The paraxylene to mixed xylene spread in Europe hit a four-month low on Monday due to a strong bid for MX propping up MX amid weak PX fundamentals depressing prices, according to Platts data.
PX was assessed at $598/mt FOB ARA Monday, down $5/mt from Friday, while MX was assessed at $499/mt FOB ARA Monday, up $15.50/mt. This placed the spread between the prices at $99/mt, shrinking $20.50/mt from Friday, and the lowest level since September 16. MX is a feedstock for PX.
The decline in the spread followed Total's bid for solvent MX during Platts MOC, which increased the MX premium.
The bid was outstanding at a $142/mt premium over the February Eurobob gasoline swap. Platts assessed the premium over both the January and February swaps a dollar above the outstanding bid at $143/mt, $18.50/mt above the level from Friday.
The higher premium was a result of export interest for mixed aromatics and reformate to Asia tightening the octanes market, according to sources.
No MX offers were heard suggesting that MX was a buyer's market.
On the other hand, PX demand was reported weak by several sources.
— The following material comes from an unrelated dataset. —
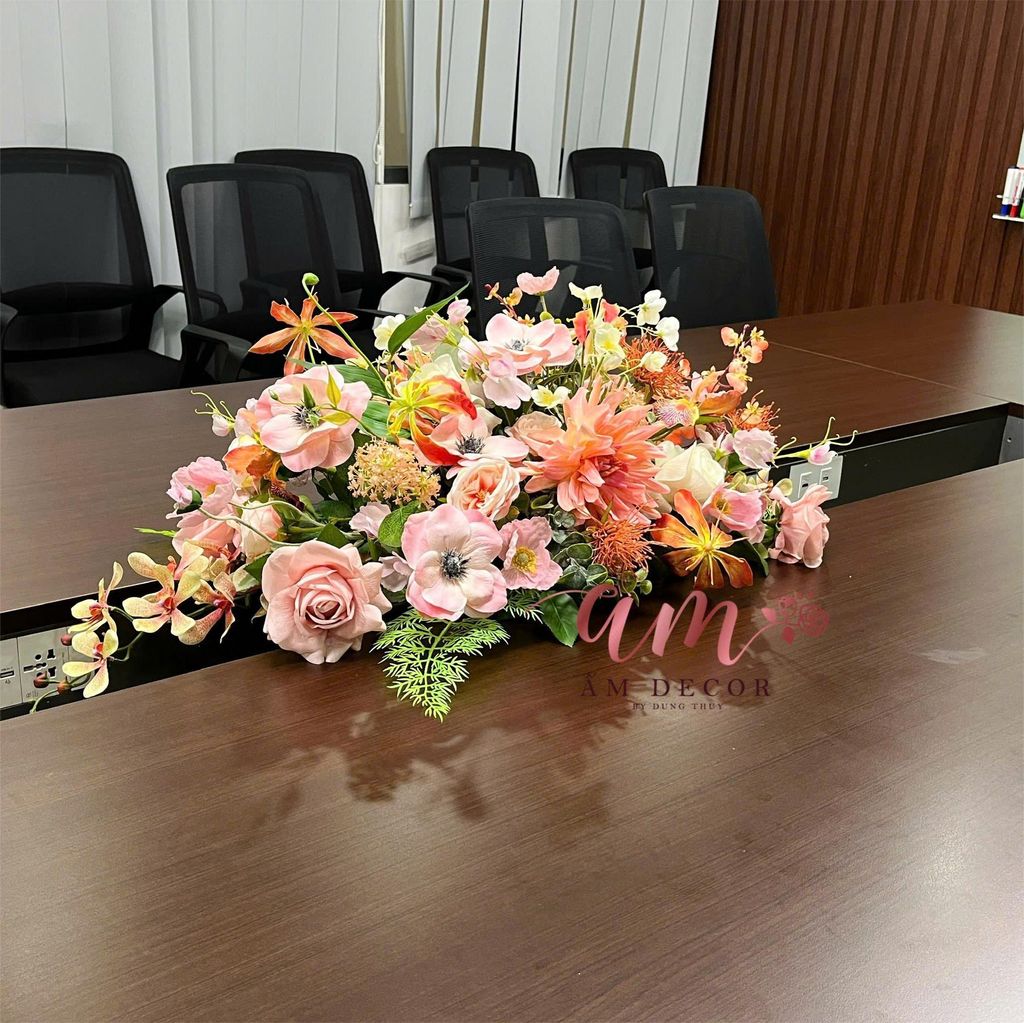 DẢI HOA BÀN HỌP BH068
Several producers and traders were looking to export PX, as demand within Europe was subdued.
Indeed, Artlant's 700,000 mt/year purified terephthalic acid plant in Sines, Portugal, remained idled.
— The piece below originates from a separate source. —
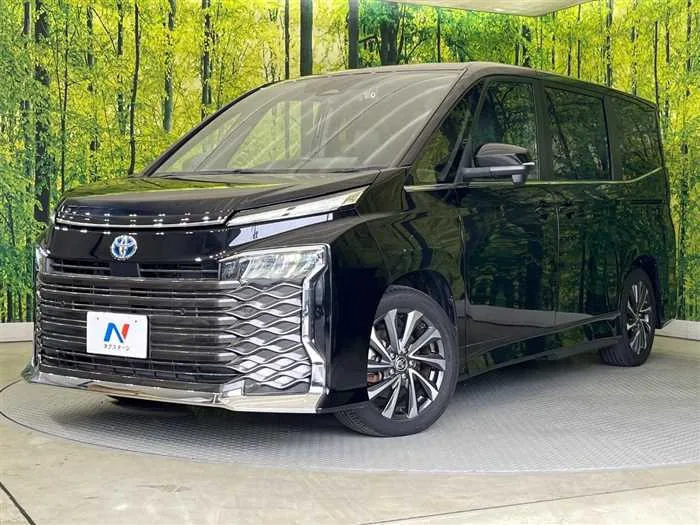 Toyota Voxy 2022 — фото 1, купить с доставкой в Москву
PX is a feedstock for PTA.
The low PX-MX spread meant that PX spot production was not profitable. Industry sources have previously said that the spread needs to be above $150/mt for spot production to make sense.
It has been trending below $150/mt since January 8.
"With the current PX-MX spread, there is no economic incentive to produce spot PX," a source said last Friday.